Once the warrant has issued, the team conducting the search must “employ adequate precautions” to ensure that the searchers will not improperly view privileged attorney-client communications. The warrant is obligated to designate a “privilege team” consisting of lawyers and agents not working the case, a team tasked with ensuring that the investigators conducting the search do not see privileged communications. Finally, the investigators are required to develop a detailed and thorough review process for every piece of seized material.
These guidelines are draconian, to say the least. Let us assume that, in the Michael Cohen case, the U.S. Attorney’s Office followed the guidelines to the letter, dotting every “i” and crossing every “t.” Even then, there was no guarantee a magistrate judge for the U.S. district court would grant the warrant. That’s how sacrosanct attorney-client privilege is in this country.

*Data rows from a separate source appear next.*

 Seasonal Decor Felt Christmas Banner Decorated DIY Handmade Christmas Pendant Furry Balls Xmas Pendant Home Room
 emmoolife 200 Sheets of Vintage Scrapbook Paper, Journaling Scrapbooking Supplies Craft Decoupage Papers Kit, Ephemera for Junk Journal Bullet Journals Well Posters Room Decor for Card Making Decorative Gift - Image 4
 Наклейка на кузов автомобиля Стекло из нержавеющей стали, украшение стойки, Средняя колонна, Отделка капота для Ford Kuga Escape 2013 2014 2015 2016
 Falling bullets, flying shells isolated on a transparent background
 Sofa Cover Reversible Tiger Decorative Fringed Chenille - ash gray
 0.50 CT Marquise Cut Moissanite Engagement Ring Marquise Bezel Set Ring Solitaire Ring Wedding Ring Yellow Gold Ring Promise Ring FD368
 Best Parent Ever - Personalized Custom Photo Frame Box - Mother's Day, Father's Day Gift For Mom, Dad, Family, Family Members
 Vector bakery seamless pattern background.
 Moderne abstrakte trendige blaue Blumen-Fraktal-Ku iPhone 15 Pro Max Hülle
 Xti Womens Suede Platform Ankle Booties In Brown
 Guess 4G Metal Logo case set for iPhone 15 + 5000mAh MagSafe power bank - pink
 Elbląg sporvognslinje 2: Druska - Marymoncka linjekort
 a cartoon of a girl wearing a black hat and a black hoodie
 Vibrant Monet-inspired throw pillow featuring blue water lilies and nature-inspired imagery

The Michael Cohen story, despite the tweet storm and other distracting commentary, is in the end not about the claimed violation of Trump’s purported attorney-client privilege. Instead, it is about something much graver and more threatening to the values of the American legal system — one attorney’s alleged complicity in potential criminal activity.
It should scarcely need to be said that as attorneys, we are not here to facilitate our clients’ violations of the law. Rather, we are privileged to provide a vigorous, ethical defense if we represent the defendant, and, if on the other side, to help achieve justice for those who have been victimized by the illegal actions of others. But never, ever, should we debase our noble profession by using the attorney-client privilege to facilitate illegal acts.